« ΠροηγούμενηΣυνέχεια »
(103 N. Y. 425)
BRACKETT, Adm'r, o. GRISWOLD.
(Court of Appeals of New York. November 23, 1886.) ACTION OR SUIT-ACTION FOR PENALTY FOR FALSE REPORT-NEW YORK MANUFACTURERS'
Where the plaintiff dies during the pendency of an action, at his instance, against a trustee of a corporation for the penalty imposed by the New York manufacturers' act of 1848 for a false report, the action abates both at common law and under the statute, and cannot be revived in name of his administrator. This action is similar to Blake v. Griswold, ante, 434. It arises out of the same circumstances, and is brought upon a complaint containing the same counts. Before verdict or judgment the plaintiff's intestate died, and the action was revived and continued in the plaintiff's name as administrator.
W. C. Holbrook and M. D. Grover, for appellant, Griswold. A. Pond and R. L. Hand, for respondent.
FINCH, J. This appeal is taken from an order of revivor. The plaintiff's intestate was a creditor of a mining corporation, whose officers, in making their annual report, were alleged to have stated falsely the amount of capital paid in. For this cause of action, conjoined with one for conspiracy, a suit was brought, pending which, and before verdict or judgment, the plaintiff died. The question presented is whether his cause of action for the penalty of a false report died with him, or survived to his administrator. We have many times held that the provisions under which the asserted right of action accrued are highly penal in their nature, and have recently said more specifically that they are to be classed with actions ex delicto, and do not affect or concern any property, right, or interest as the subject of injury. Stokes v. Stickney, 96 N. Y. 323. At common law the action abated upon the death of either party,—the one by whom or to whom the wrong was done; and that rule must apply unless it is made inapplicable by the provisions of the Revised Statutes. 2 Rev. St. § 1, p. 447. But we have decided that those provisions affect only injuries to property rights; and, where such are not invaded, the common-law rule still prevails. Hegerich v. Keddie, 99 N. Y. 258; S. C. 1 N. E. Rep. 787. In that case, while concurring in the result, I thought the statute should receive a broader interpretation, and contemplated survivability as the rule, and abatement as the exception; and the construction finally reached was adopted after full deliberation and argument. It must now be deemed settled, and requires us to hold, that the cause of action for the penalty died with the intestate.
We have not been unmindful that, in our discussion of this question, we have assumed the assignability of a cause of action as a test, treating that and survivability as convertible terms; nor that we have also said that a cause of action for the penalty so far follows the creditor's debt, and belongs to it as an incident, that an assignment of the debt carries with it a right to the protection of the statute. Stokes v. Stickney, supra; Bolen v.
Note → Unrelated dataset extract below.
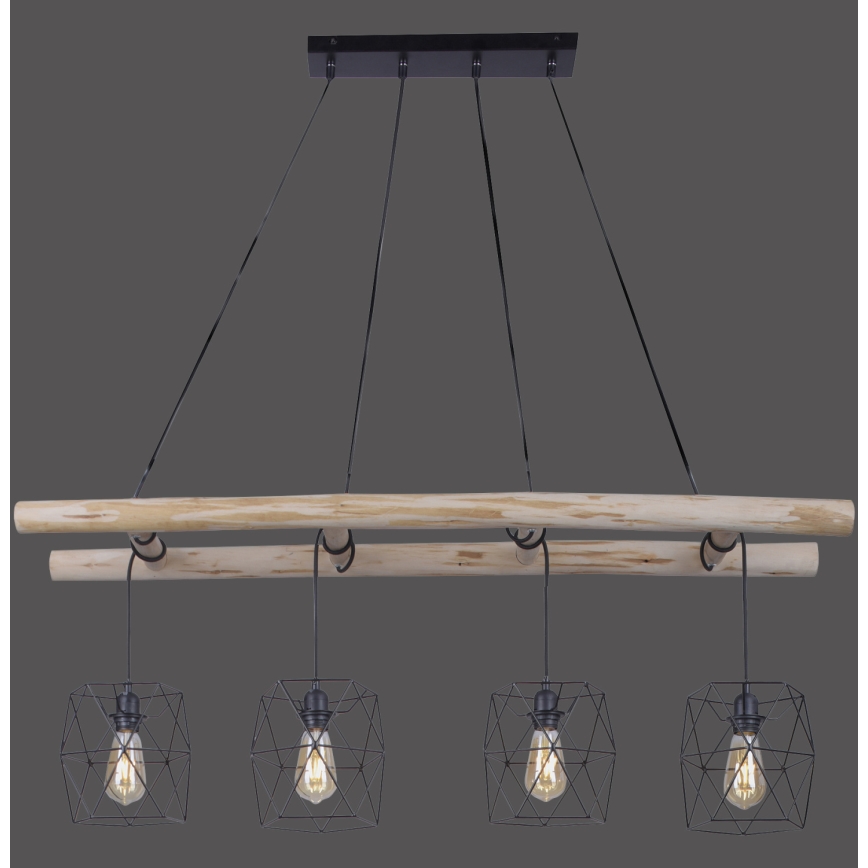 Leuchten Direkt 15036-18 - Lampadario a sospensione con filo EDGAR 4xE27/60W/230V eucalipto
Crosby, 49 N. Y. 183. But it was neither said nor meant that such right was itself assignable. Relatively to the debt it is rather a remedy than a right; and while it becomes, in connection with the debt, a cause of action, it belongs to the assignee of such debt by force of the statute which gives it to him by virtue of his having become a creditor, and not because of any derivative right resting upon and born of the assignor's ended and extinguished right. In other words, the new holder has his own right of action, or none. Having become a creditor, he thereby obtains the right which the statute gives him, and must depend upon that for his relief, and not upon an impossible transfer by the assignor of the debt. The questions which may spring out of this ruling may best be reserved till they arise.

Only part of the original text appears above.